Short text fragments from websites:
>>>>

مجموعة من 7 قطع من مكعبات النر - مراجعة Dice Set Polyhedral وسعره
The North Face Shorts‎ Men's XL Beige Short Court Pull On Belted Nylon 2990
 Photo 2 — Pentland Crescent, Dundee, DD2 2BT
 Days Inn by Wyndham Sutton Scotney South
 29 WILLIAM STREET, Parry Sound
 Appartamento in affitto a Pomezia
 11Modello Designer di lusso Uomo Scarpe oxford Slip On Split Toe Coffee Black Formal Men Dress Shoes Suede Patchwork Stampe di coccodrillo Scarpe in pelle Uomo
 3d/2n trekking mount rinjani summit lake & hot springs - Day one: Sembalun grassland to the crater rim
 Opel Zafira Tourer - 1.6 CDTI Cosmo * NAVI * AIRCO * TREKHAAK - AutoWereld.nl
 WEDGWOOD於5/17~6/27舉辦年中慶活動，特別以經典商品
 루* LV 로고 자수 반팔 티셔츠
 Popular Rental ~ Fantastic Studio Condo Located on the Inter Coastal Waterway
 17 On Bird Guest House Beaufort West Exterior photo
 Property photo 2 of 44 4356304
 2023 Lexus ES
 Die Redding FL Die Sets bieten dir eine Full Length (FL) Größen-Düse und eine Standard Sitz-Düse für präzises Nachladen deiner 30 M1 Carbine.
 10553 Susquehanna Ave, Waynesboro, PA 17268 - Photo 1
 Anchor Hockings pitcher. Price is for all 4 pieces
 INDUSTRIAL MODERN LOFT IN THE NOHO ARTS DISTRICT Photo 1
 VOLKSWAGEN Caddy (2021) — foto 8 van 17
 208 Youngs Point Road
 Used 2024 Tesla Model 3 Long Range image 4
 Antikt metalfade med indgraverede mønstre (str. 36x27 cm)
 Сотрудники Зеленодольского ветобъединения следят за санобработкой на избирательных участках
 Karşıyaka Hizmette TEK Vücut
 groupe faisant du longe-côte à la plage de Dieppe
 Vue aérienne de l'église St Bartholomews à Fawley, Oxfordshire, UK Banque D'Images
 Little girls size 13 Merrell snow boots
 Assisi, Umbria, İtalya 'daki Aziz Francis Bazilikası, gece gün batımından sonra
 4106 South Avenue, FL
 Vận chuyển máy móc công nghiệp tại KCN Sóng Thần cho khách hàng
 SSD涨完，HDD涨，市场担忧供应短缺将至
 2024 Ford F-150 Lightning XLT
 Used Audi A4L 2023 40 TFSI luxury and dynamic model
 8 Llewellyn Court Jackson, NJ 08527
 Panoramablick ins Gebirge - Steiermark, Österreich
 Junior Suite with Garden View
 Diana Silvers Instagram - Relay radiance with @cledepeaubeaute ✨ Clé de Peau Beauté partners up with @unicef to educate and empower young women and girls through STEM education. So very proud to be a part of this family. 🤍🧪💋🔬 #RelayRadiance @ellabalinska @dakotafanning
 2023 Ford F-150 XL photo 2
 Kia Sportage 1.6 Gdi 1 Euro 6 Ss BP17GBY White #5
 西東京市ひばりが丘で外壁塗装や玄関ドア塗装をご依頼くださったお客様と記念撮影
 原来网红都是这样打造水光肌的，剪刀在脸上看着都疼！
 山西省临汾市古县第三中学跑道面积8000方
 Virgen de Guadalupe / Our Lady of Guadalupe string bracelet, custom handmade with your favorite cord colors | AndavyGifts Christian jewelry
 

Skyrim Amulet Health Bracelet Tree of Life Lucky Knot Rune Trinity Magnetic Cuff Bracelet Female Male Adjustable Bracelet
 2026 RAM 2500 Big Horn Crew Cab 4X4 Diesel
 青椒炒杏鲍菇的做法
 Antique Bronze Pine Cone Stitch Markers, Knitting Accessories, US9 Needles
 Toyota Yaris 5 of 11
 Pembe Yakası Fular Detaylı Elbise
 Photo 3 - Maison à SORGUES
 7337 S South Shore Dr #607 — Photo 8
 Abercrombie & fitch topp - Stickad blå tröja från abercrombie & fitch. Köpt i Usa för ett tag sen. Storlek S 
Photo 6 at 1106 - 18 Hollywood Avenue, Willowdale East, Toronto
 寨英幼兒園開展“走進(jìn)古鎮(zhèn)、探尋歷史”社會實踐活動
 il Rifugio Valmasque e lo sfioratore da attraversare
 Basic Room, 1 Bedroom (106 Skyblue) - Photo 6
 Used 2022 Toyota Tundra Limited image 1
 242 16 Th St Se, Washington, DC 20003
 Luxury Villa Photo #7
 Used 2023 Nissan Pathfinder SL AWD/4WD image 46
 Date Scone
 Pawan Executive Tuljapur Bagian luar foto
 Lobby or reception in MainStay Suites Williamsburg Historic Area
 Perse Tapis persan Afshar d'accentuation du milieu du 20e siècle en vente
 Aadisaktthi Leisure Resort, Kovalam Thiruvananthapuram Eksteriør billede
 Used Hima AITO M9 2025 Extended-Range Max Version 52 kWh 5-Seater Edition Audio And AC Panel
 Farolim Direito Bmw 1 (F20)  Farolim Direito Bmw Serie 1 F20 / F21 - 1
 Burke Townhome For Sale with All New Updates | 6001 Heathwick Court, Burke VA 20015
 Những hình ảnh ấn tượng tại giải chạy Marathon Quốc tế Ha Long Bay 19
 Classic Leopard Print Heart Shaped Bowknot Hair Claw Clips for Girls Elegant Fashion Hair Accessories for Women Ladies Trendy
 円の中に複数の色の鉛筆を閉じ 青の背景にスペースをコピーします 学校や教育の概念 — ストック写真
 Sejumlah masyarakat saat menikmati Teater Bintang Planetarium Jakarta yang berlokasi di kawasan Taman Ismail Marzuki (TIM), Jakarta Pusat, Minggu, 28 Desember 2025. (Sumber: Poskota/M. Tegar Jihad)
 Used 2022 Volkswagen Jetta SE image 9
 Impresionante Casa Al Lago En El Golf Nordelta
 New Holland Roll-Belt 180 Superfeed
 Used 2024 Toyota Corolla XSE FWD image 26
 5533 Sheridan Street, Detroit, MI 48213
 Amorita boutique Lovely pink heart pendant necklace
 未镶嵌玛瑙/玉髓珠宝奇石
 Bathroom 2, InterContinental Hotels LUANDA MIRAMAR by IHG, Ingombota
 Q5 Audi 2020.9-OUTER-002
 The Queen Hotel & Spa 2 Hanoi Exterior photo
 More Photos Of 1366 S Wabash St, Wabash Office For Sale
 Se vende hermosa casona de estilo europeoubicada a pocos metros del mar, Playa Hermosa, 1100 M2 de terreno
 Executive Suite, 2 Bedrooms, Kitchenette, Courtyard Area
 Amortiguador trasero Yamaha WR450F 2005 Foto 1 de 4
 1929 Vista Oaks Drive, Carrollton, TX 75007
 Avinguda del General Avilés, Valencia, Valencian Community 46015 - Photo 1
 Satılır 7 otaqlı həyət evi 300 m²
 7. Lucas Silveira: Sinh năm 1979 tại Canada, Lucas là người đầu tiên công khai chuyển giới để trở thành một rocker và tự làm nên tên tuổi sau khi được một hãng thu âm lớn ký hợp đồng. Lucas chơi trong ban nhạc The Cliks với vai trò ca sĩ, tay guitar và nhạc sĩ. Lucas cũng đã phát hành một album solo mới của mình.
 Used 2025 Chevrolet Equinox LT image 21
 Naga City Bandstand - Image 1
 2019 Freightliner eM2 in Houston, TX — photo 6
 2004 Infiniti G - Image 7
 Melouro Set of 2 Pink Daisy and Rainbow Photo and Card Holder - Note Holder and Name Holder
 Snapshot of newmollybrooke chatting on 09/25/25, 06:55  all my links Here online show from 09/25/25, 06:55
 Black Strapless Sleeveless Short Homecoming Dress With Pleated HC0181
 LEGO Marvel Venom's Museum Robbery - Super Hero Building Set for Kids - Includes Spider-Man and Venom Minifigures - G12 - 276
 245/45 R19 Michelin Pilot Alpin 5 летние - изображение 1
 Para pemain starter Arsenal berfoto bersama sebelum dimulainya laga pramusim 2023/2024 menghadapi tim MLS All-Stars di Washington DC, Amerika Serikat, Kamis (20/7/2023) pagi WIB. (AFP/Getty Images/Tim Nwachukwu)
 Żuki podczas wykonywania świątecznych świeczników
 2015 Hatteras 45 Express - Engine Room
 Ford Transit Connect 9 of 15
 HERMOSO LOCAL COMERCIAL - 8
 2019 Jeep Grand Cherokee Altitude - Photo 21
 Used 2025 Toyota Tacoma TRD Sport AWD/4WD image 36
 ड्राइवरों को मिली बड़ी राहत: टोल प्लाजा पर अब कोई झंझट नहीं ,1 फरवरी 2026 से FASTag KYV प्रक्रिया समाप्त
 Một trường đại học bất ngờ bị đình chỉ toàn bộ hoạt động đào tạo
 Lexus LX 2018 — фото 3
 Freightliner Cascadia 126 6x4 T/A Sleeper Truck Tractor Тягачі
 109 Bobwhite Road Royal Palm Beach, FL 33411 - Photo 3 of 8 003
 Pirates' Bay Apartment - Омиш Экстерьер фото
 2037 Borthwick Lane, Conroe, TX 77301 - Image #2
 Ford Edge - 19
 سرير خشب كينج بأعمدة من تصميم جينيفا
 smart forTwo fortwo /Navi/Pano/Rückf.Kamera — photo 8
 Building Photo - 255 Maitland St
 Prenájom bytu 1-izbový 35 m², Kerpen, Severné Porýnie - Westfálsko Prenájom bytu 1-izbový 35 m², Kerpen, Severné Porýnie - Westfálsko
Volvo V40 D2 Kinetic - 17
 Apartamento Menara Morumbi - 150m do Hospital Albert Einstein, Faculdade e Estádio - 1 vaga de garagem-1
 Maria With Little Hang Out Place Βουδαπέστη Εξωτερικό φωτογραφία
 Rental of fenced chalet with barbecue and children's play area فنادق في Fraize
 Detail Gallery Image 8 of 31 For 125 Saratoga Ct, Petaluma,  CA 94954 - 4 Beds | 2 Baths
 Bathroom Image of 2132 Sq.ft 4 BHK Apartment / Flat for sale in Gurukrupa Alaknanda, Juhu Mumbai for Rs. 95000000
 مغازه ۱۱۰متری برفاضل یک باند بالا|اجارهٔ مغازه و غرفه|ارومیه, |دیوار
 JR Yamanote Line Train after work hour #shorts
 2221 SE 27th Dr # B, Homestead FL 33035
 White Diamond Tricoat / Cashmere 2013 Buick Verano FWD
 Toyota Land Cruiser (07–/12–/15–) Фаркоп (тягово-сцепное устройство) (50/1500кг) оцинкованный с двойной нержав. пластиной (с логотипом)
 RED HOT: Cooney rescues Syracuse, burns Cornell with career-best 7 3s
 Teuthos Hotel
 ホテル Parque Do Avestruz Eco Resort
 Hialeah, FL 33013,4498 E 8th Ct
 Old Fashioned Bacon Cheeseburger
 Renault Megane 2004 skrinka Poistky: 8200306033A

<<<<

> **WHAT THE TASK REQUIRES**: The range runs from the line above containing "Sejumlah masyarakat saat" to the line containing "Satılır 7 otaqlı həyət evi 300 m²", inclusive. Restate those lines word for word and no others.

> **RESPONSE AREA**:
 Sejumlah masyarakat saat menikmati Teater Bintang Planetarium Jakarta yang berlokasi di kawasan Taman Ismail Marzuki (TIM), Jakarta Pusat, Minggu, 28 Desember 2025. (Sumber: Poskota/M. Tegar Jihad)
 Used 2022 Volkswagen Jetta SE image 9
 Impresionante Casa Al Lago En El Golf Nordelta
 New Holland Roll-Belt 180 Superfeed
 Used 2024 Toyota Corolla XSE FWD image 26
 5533 Sheridan Street, Detroit, MI 48213
 Amorita boutique Lovely pink heart pendant necklace
 未镶嵌玛瑙/玉髓珠宝奇石
 Bathroom 2, InterContinental Hotels LUANDA MIRAMAR by IHG, Ingombota
 Q5 Audi 2020.9-OUTER-002
 The Queen Hotel & Spa 2 Hanoi Exterior photo
 More Photos Of 1366 S Wabash St, Wabash Office For Sale
 Se vende hermosa casona de estilo europeoubicada a pocos metros del mar, Playa Hermosa, 1100 M2 de terreno
 Executive Suite, 2 Bedrooms, Kitchenette, Courtyard Area
 Amortiguador trasero Yamaha WR450F 2005 Foto 1 de 4
 1929 Vista Oaks Drive, Carrollton, TX 75007
 Avinguda del General Avilés, Valencia, Valencian Community 46015 - Photo 1
 Satılır 7 otaqlı həyət evi 300 m²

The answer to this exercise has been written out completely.